* [REQUIRED WORK] Repeat the data in full. Drop every picture.

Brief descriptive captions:
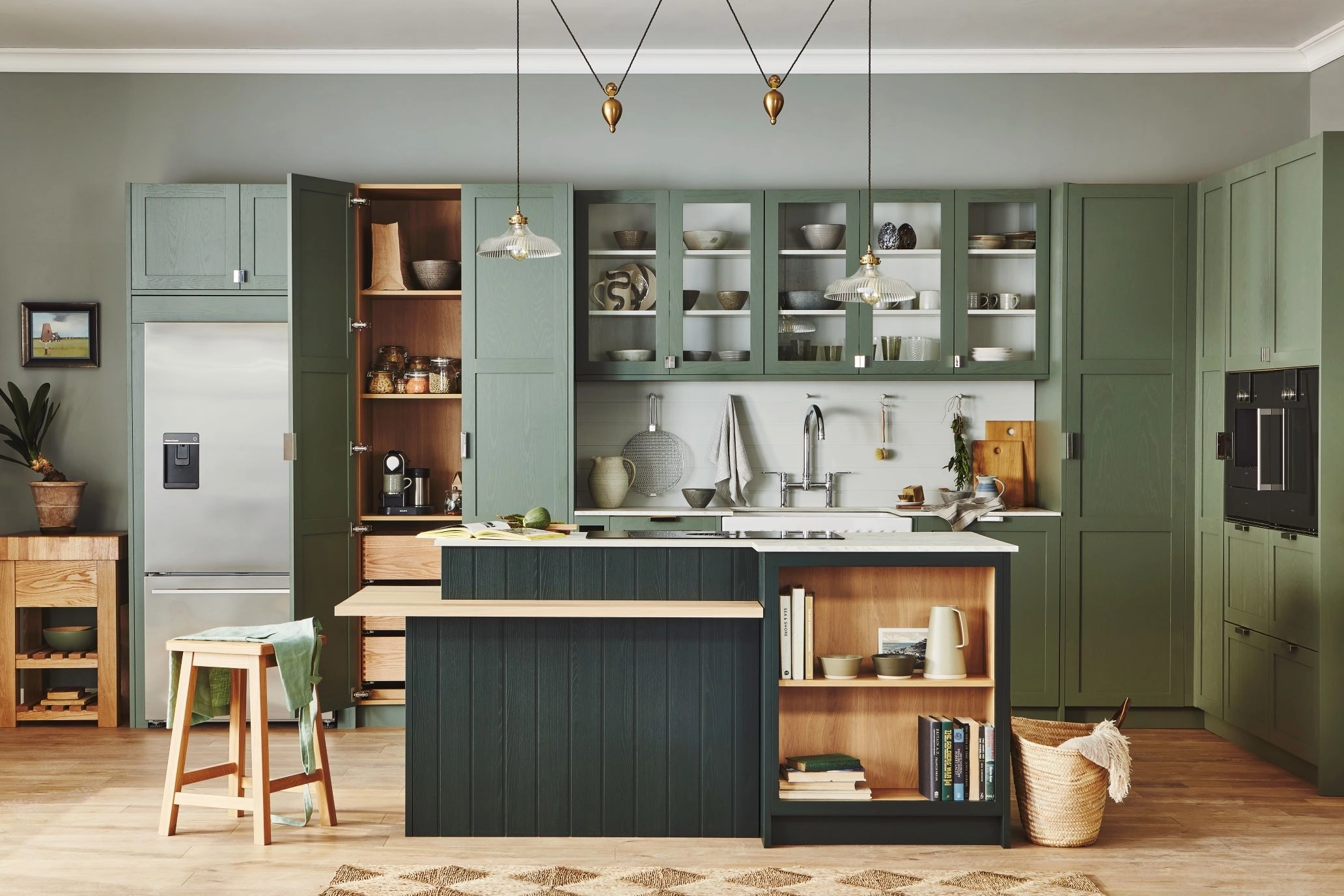 A modern kitchen with green cabinetry, light gray walls, and wooden accents. It features open shelves with dishes, a double-door fridge, a central island with a wooden stool, and pendant lights. Appliances include a built-in oven and coffee maker.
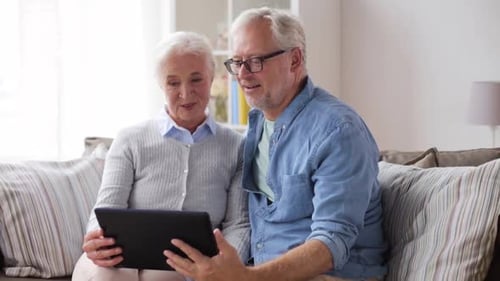 Senior couple using tablet on sofa together indoors
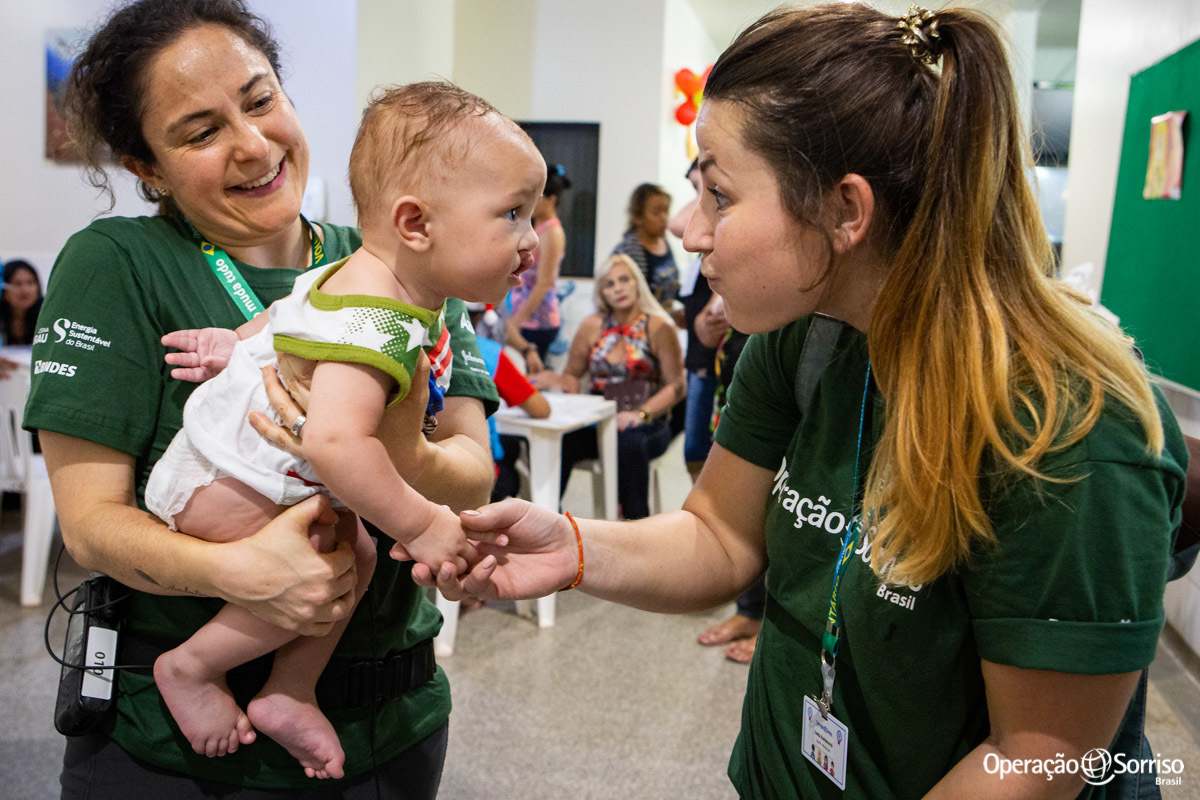 mulher brincando com bebe enquanto outra o segura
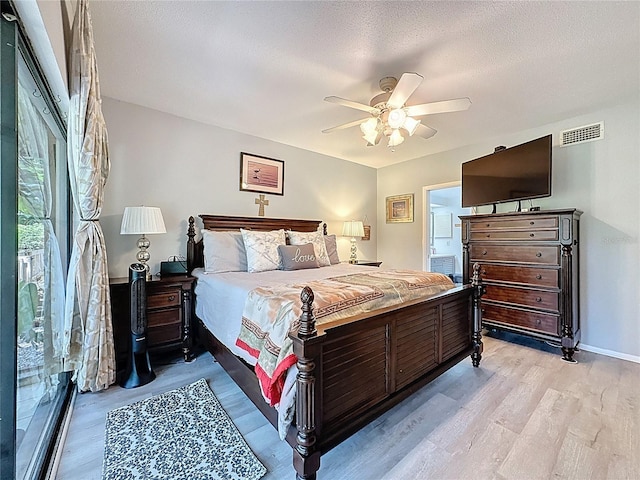 bedroom with ceiling fan, baseboards, light wood-type flooring, and visible vents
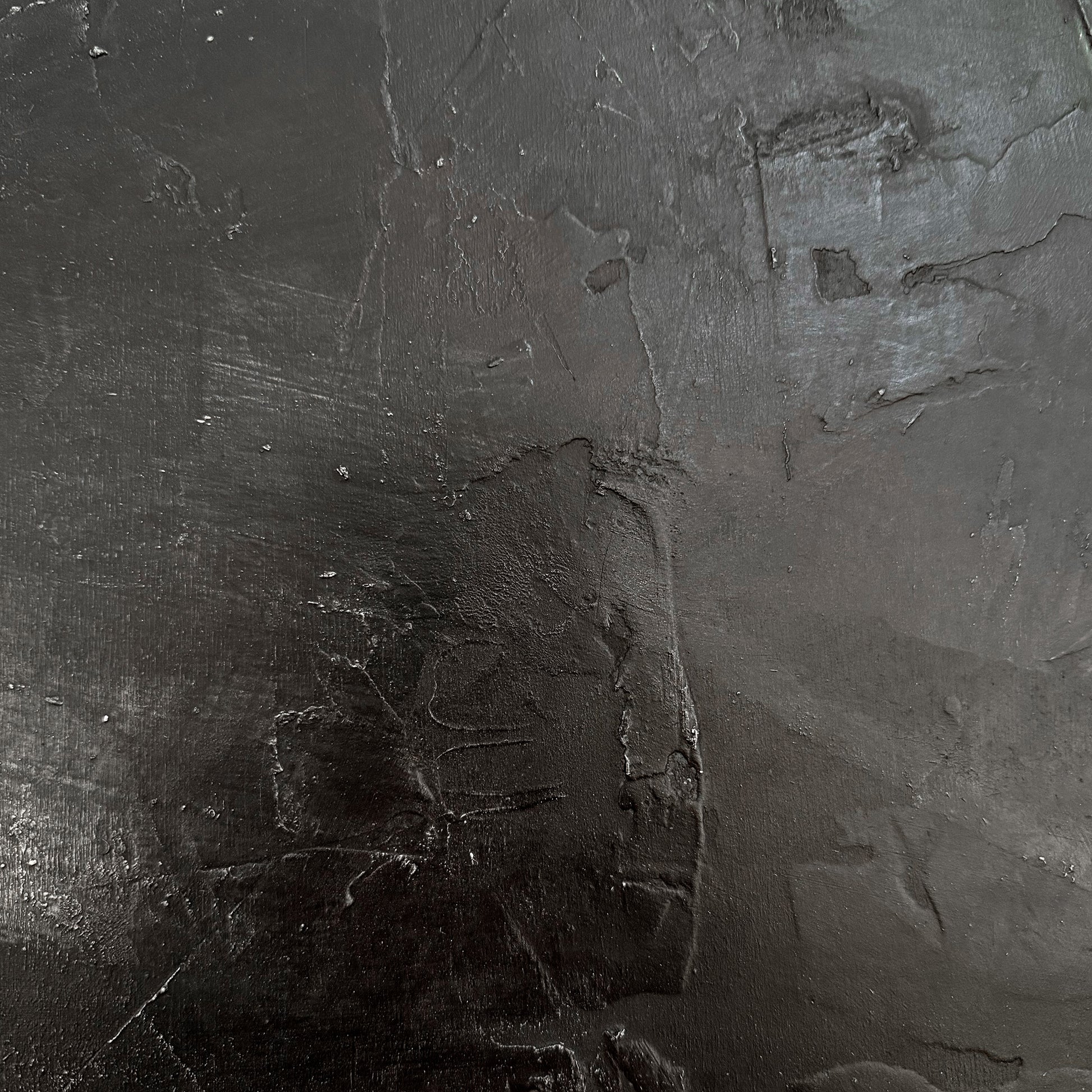 Close-up of a textured dark gray surface with visible cracks and imperfections.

* [RESPONSE TO THE TASK]
 A modern kitchen with green cabinetry, light gray walls, and wooden accents. It features open shelves with dishes, a double-door fridge, a central island with a wooden stool, and pendant lights. Appliances include a built-in oven and coffee maker.
 Senior couple using tablet on sofa together indoors
 mulher brincando com bebe enquanto outra o segura
 bedroom with ceiling fan, baseboards, light wood-type flooring, and visible vents
 Close-up of a textured dark gray surface with visible cracks and imperfections.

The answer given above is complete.